The beta of a stock measures its riskiness and volatility in comparison to the market in general. A stock with a beta of 1 has approximately the same risk and volatility as the market as a whole. Betas higher than 1 are more risky, while betas lower than 1 are less risky. Calculating the weighted average beta of a portfolio allows you to measure the overall risk of your portfolio. Using a weighted average accounts for the fact that you're investing different amounts in each stock, so the betas of the stocks that you own more of will affect the portfolio beta more than stocks you own few of. However, a high weighted average beta isn't always a bad thing if you're adequately compensated for taking on the risk with high returns.

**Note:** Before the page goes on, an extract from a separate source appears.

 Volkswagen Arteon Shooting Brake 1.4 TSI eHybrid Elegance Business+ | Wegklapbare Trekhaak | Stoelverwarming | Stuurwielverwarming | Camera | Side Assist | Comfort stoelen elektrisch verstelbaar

Multiply the amount invested in each stock by the stock's beta. For example, if you have $2,000 invested in a stock with a beta of 1.2 and $4,000 invested in a stock with a beta of 1.05, multiply $2,000 by 1.2 to get $2,400 and multiply $4,000 by 1.05 to get $4,200.
Add the results. In this case, add $2,400 and $4,200 to get $6,600.
Divide the result by the value of the portfolio to find the weight average beta of the stocks in the portfolio. In this case, divide $6,600 by $6,000, the value of the portfolio, to get a weighted average beta of 1.1 for the portfolio.
- Thinkstock/Comstock/Getty Images
- How Do I Calculate Rate of Return of a Stock Portfolio?
- How to Calculate Unrealized Gain
- How to Find Out What Percentage of Your Portfolio Each Stock Makes Up?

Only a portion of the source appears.